Records to process:
----------
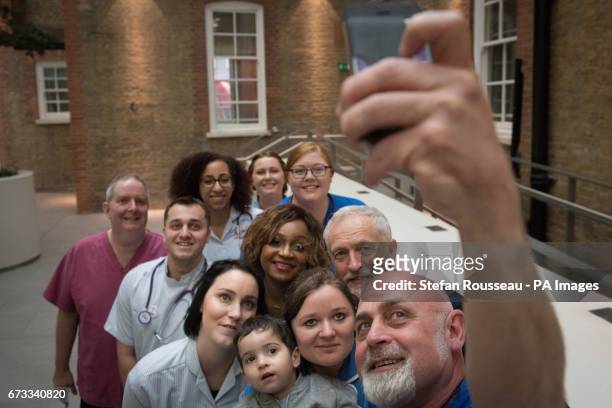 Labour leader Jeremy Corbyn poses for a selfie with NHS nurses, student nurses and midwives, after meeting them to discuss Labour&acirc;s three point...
----------
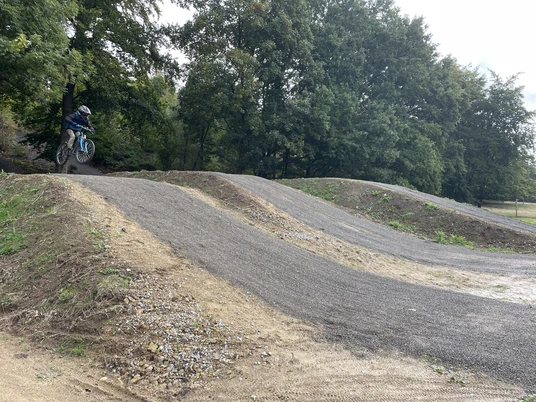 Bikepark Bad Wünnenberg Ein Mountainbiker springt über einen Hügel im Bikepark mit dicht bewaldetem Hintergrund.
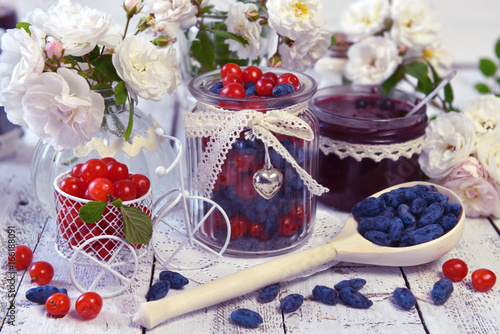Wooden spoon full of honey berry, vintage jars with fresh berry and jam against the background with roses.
----------
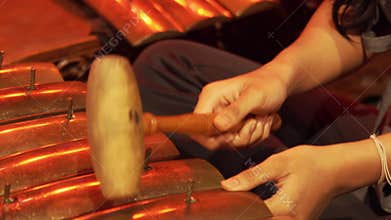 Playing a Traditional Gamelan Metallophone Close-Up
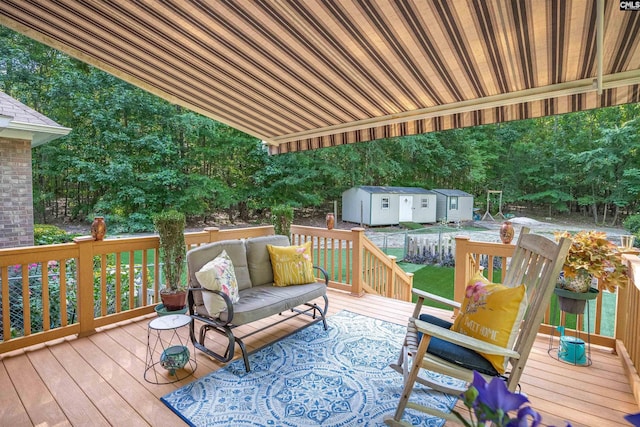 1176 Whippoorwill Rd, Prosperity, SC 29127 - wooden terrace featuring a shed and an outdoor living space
----------
Task to complete:
Would you restate, exactly and with no pictures, the lines of the entries above from the one containing "Bikepark Bad Wünnenberg" through the one containing "Wooden spoon full"?

Your response:
 Bikepark Bad Wünnenberg Ein Mountainbiker springt über einen Hügel im Bikepark mit dicht bewaldetem Hintergrund.
Wooden spoon full of honey berry, vintage jars with fresh berry and jam against the background with roses.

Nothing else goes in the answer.